I need some input on identifying .223 and 5.56 cases (marked both ways). I went through all my emply cases I've been collecting for a while and came up with eight different markings (I'm separating cases). Some I can identify the manufacturer and some I can't. Below is the list of markings on the bottom of the case. Help me out identifying them if you can. Thanks ahead of time for any help.

WCC (Western Cartridge Company)
RP (Remington)
IMG (Guatemala)
S & B (Sellier & Bellot)
FC (Federal Cartridge)
MAL (Malaysia)
PMC (Eldorado Cartridge Corporation, previously Patton and Morgan Corp., and Pan Metal Corp. or possibly Korean)
LC (Lake City)


----------



## txpete (Nov 29, 2006)

hey charlie

PMC = poorly made crap:smt082:smt082:smt082 korean.
pete


----------



## Charlie (May 13, 2006)

Thanks! I'm so glad to hear that. :smt097 It's not going to matter as I'm going to shoot everything I've got! My Colt eats everything I've put in it (so far). I'm gonna' load everything I've got for every caliber and get it stored for when they come over the hill. :anim_lol: I've got a bunch down in the loading shack now drying from One Shot spray lube. Adios


----------



## DSVETeran1990 (Mar 9, 2008)

from what i have read, the only difference is the 'lead' is longer on the 5.56, but i think that is in how far you seat the bullet isnt it? plus the shorter lead of .223 increases chamber pressure if you use 5.56 ammo in .223. .223 in 5.56 chamber is ok. this is out of guns and ammo mag "may'08". the one with the Barret and the AR15 on the cover. hope this helps.


----------



## Charlie (May 13, 2006)

DSVETeran1990 said:


> from what i have read, the only difference is the 'lead' is longer on the 5.56, but i think that is in how far you seat the bullet isnt it? plus the shorter lead of .223 increases chamber pressure if you use 5.56 ammo in .223. .223 in 5.56 chamber is ok. this is out of guns and ammo mag "may'08". the one with the Barret and the AR15 on the cover. hope this helps.

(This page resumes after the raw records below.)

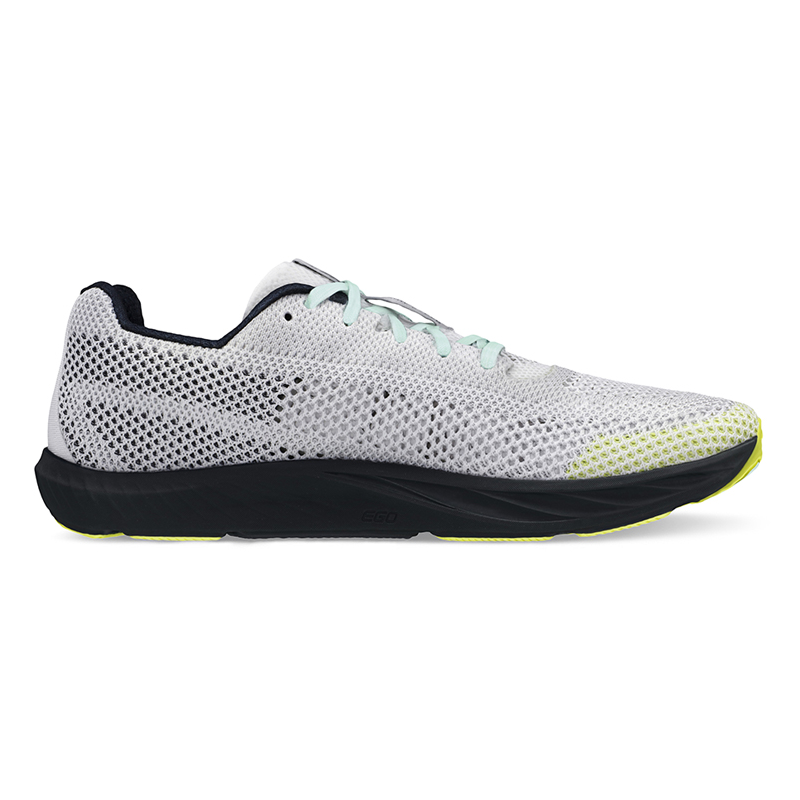 MEN'S ESCALANTE RACER 2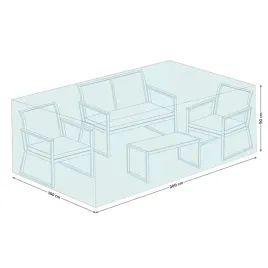 pokrowiec-ogrodowy-na-zestaw-160-x-200-x-90-cm-szary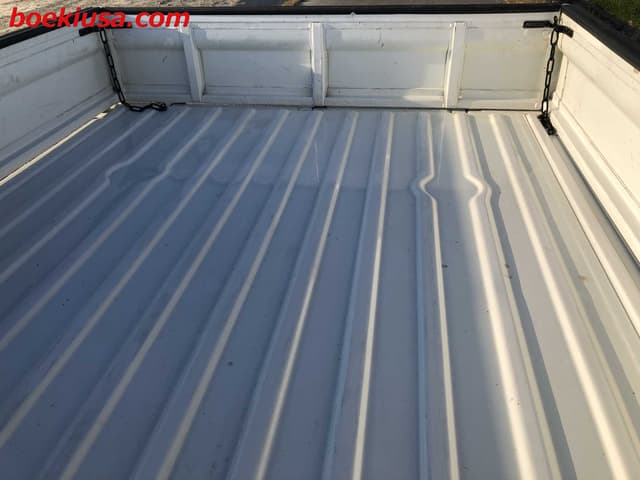 1996 Suzuki Carry JDM car for sale — photo 7 of 22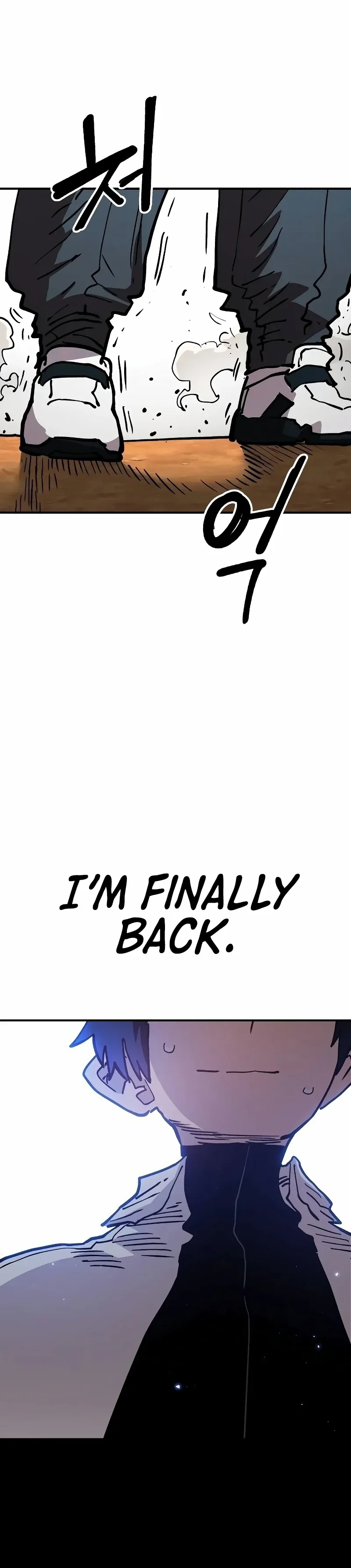 Player Chapter 224 page 16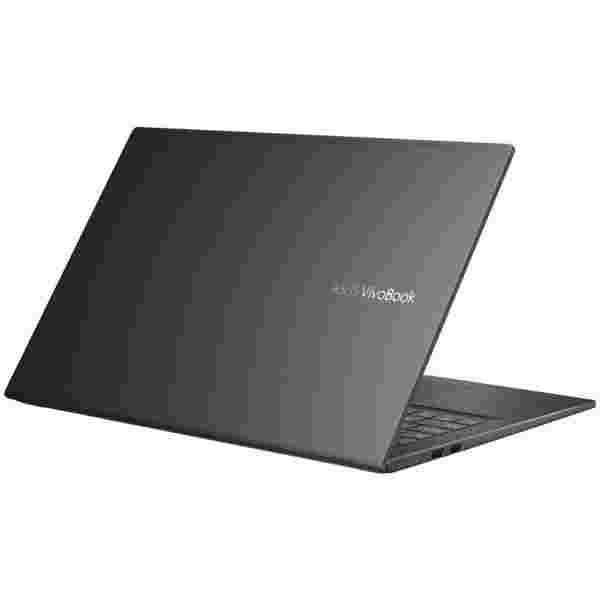 Prenosnik Asus VivoBook S533UA-L1280W / AMD Ryzen™ 5 / RAM 8 GB / SSD Disk / 15,6″ FHD - Image 2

Thanks DSVET. I think I may have not quite said it right to begin with. I was trying to ID the headstamp and on some of them I could only make out the 5.56 or .223. I also read somewhere the leade on a 5.56 was intentionally make longer so it would accept a larger variety of military rounds. I got them all ID'd and cleaned and am about to drop some powder in them. I trimmed them to 1.750 as per the Speer book (or was it Lee?) and was setting up my seating die to crimp on the cannelure (55 grn. BMJBT) and found out if I crimped it there it was waaaay short of the end of the chamber. I may hang on to those and buy some longer bullets (69 or 75 grn.) and load them in those cases. That would be about max in my 1 in 9 twist. The gun really likes 69 grn. soft points so maybe I can squeeze in a 75 grn. and it will still be stable. Guess I'll wait and see.


----------



## DSVETeran1990 (Mar 9, 2008)

good luck


----------